I'll try and get some.. this should put the super macro setting to the test for sure


----------



## Ed (Sep 19, 2004)

Sounds like psocids 

Ed


----------



## AndyShores (Jan 6, 2009)

Ed said:


> Sounds like psocids
> 
> Ed


acceptable frog food you think? Not sure how i'd manage to get them out of the flour, but if i can..


----------



## salix (Mar 28, 2008)

I've had larvae show up in flour. It used to p*$$ me off. I do lots of baking and normally keep my long term storage flour in the freezer. Occasionally I would open a bag and not get it sealed up and put away. If it developed bugs it would have to go out in the trash. They develop into small moths that drive you nuts and get into everything.

However, since I got into frogs, I get excited when I find some old flour with moth larvae. I pick them out with the tip of a spoon and put them in a tank. My frogs go wild for them.

Pick out a few and see how your frogs react. I bet they love them.

Deb


----------



## AndyShores (Jan 6, 2009)

they're not larvae.. I've had this flour for a couple of years and no moths ever come about - it's also in a sealed tupperware container, so i'd see them in there. Just these little bugs.. once I get back to my house I'll try to get a picture of them


----------



## Ed (Sep 19, 2004)

AndyShores said:


> acceptable frog food you think? Not sure how i'd manage to get them out of the flour, but if i can..


If you can seperate them they should be fine.
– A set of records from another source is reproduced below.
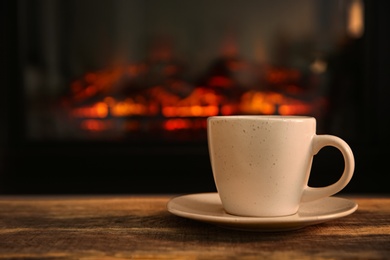 Photo of Cup with hot drink on table against fireplace, space for text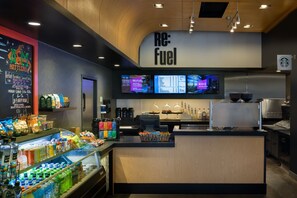 A modern coffee shop interior with a counter, beverage display, and digital menu boards. - Aloft by Marriott Tallahassee Downtown (Tallahassee)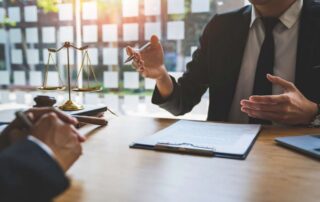 two men in suits talking in a business meeting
Afterall its not like you don't know what they have been feeding on.. I have to admit that my first thoughts were of grain mites but then I reread the post and the termite like description rang some bells. 

Ed


----------



## AndyShores (Jan 6, 2009)

*pictures*

here are a couple pics of the bugs


----------



## Ed (Sep 19, 2004)

Sure look like psocids 

check out Google Image Result for http://www.lisburncity.gov.uk/filestore/images/booklice.gif 

Ed


----------



## markbudde (Jan 4, 2008)

Oh this is very interesting, looks like it could be a great anew food. I saw some of these apparently eating the labels off of fish food at the fish store. I almost bought the fish food just for the bugs, but I thought they were little termites, so I was weary of bringing them home. Let us know if the frogs eat them or spit them out.
-mark


----------



## AndyShores (Jan 6, 2009)

Ed said:


> Sure look like psocids
> 
> check out Google Image Result for http://www.lisburncity.gov.uk/filestore/images/booklice.gif
> 
> Ed


Definitely is what they are. I'll work on how to separate them from the flour.


----------



## markbudde (Jan 4, 2008)

flour sifter?


----------



## basshummper (Jan 13, 2008)

you know what these look like what i have in my fish food. they are about half the size of a springtail. i collect them buy putting my fish food in a condoment cup and thats inside of a 32 oz cup. they climb out of the condoment cup and fall into the 32oz cup. not knowing what they were i was tring to seed my tanks with them but i guess they all die in that environment.


----------



## stemcellular (Jun 26, 2008)

I've been culturing and feeding these out to my froglets without any issues. Pretty cool.


----------